## Exercise instructions:
Nothing below is to be printed except the lines between the line holding "Cherry. Isolated berries" and the line holding "Öl Geschenkset Rustikal", inclusive, each exactly as it appears.

## Records to use:

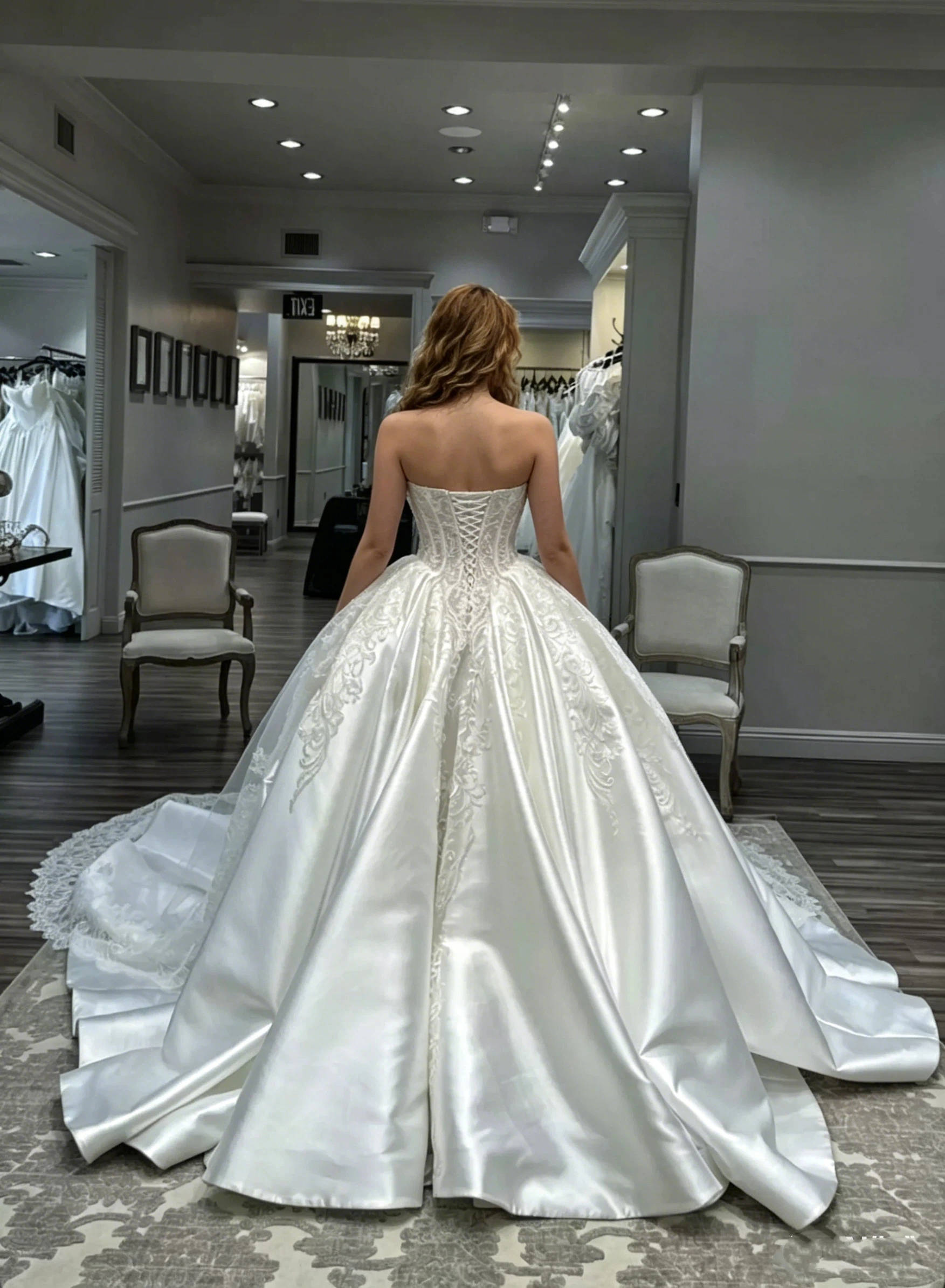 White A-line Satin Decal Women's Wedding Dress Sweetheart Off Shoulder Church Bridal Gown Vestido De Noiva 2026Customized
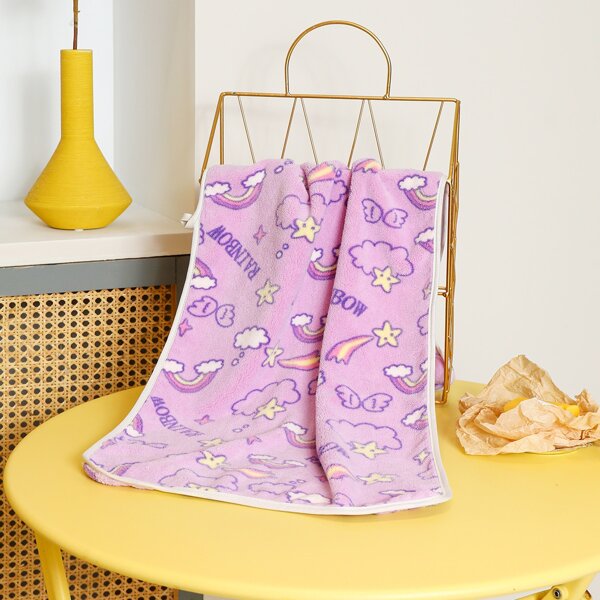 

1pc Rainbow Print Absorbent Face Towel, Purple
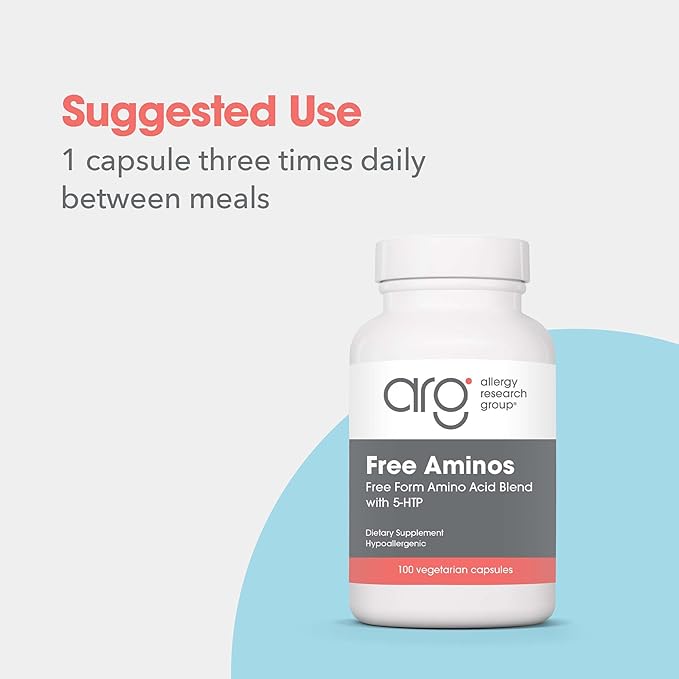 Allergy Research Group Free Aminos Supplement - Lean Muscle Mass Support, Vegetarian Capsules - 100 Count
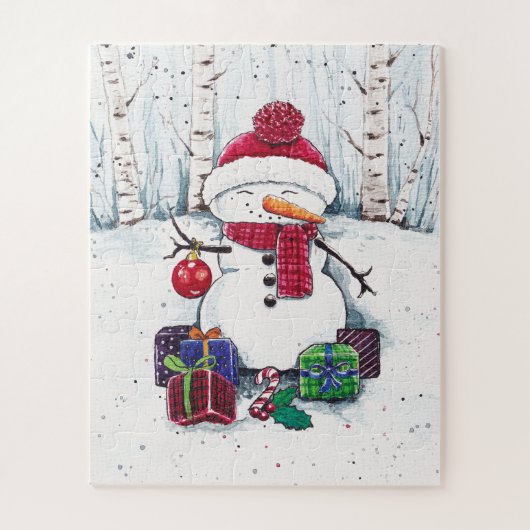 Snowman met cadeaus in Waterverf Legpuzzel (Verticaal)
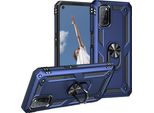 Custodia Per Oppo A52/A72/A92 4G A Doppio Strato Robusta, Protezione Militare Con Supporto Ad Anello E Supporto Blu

---

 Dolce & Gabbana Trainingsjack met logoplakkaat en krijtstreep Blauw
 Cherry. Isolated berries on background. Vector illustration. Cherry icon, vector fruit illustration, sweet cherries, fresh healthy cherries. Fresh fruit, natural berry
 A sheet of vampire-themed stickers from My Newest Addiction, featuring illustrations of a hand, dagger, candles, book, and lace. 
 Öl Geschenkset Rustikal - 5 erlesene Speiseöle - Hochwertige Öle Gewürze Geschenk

## Reply to the task:
 Cherry. Isolated berries on background. Vector illustration. Cherry icon, vector fruit illustration, sweet cherries, fresh healthy cherries. Fresh fruit, natural berry
 A sheet of vampire-themed stickers from My Newest Addiction, featuring illustrations of a hand, dagger, candles, book, and lace. 
 Öl Geschenkset Rustikal - 5 erlesene Speiseöle - Hochwertige Öle Gewürze Geschenk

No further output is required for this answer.